6. A extrema-esquerda e o jacobinismo das várias espécies não são sensíveis aos diálogos de apaziguamento. Mas apenas às relações de forças. Forças físicas ou outras, culturais, legais. Que, para o respectivo e justo equilíbrio destas relações, os defensores do pluralismo e da não-discriminação, que são princípios expressamente consagrados na Constituição, não invoquem as legítimas razões de força da própria Constituição e da lei, é caso de vergonha pública.

7. O Estado tem a função de «garantir» (é a palavra constitucional) as liberdades fundamentais; e, para esse efeito, tem a função de «promover a efectivação» (é a expressão constitucional) dos direitos sociais dos cidadãos — que são direitos destinados a tornar «efectivas» as liberdades pessoais de escolha, não a satisfazer os desígnios doutrinários ou ideológicos dos detentores do poder político, com ofensa do princípio da não discriminação em função da religião ou opinião.

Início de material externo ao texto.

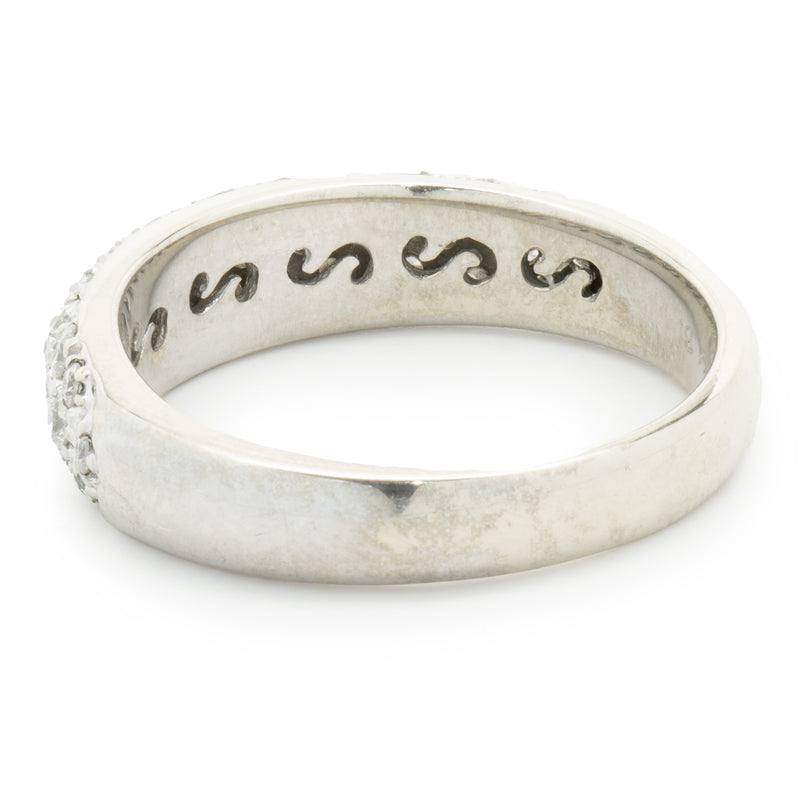 Sonia B 14 Karat White Gold Pave Diamond Band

8. O Estado-Administração Pública não tem legitimidade de qualificar o conteúdo dos direitos fundamentais, como seja o conteúdo do direito de acesso ao ensino escolar, que em nenhuma parte da Constituição está definido como direito restrito à escola pública, e antes pelo contrário. Os direitos sociais não são direitos qualificados como laicos! A Constituição não menciona nunca o conceito de laicidade, designadamente quando garante as liberdades fundamentais de confissão religiosa. A única coisa que a Constituição postula é que o Estado não pode ser confessional — para assim respeitar as liberdades fundamentais, que incluem a liberdade de professar e de não professar religião. Por isso, as acções do Estado Administração não podem ser nem confessionais nem anti-confessionais: são neutras, sem comportar qualquer discriminação.

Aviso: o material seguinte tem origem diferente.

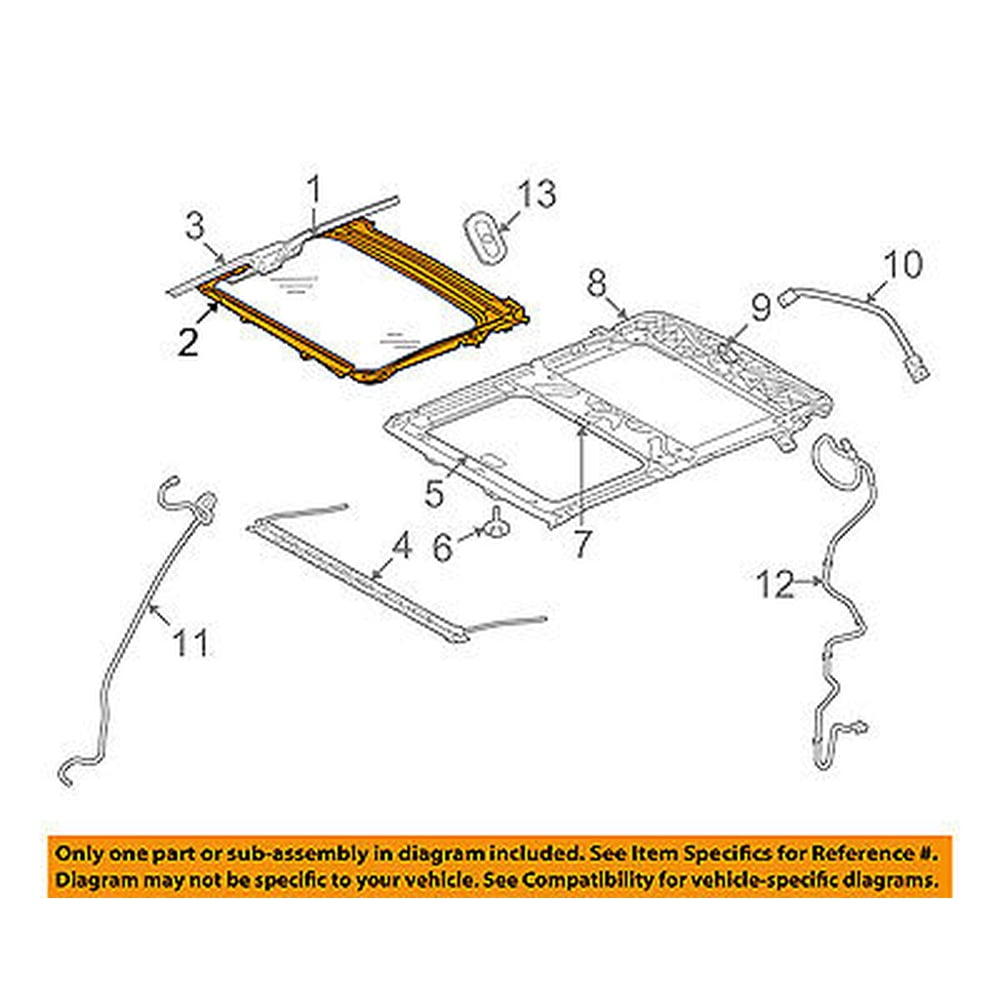 CHRYSLER OEM Sunroof Sun RoofWeatherstrip Seal 5066896AA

9. Diz o art nº 13º da Constituição: «Todos os cidadãos têm a mesma dignidade social e são iguais perante a lei. Ninguém pode ser privilegiado, beneficiado, prejudicado, privado de qualquer direito ou isento de qualquer dever em razão de ascendência, sexo, raça, língua, território de origem, religião, convicções políticas ou ideológicas, instrução, situação económica, condição social ou orientação sexual».

10. A que vêm então algumas vozes, invocando a laicidade do Estado, para discriminar os alunos das escolas privadas (mesmo as que não são confessionais) do seu direito pessoal e inalienável (constitucional e legal) à gratuitidade do ensino obrigatório?

Será por honestidade que, nestas matérias, nunca invocam textualmente nem a Constituição nem as leis? Haja uma santa paciência!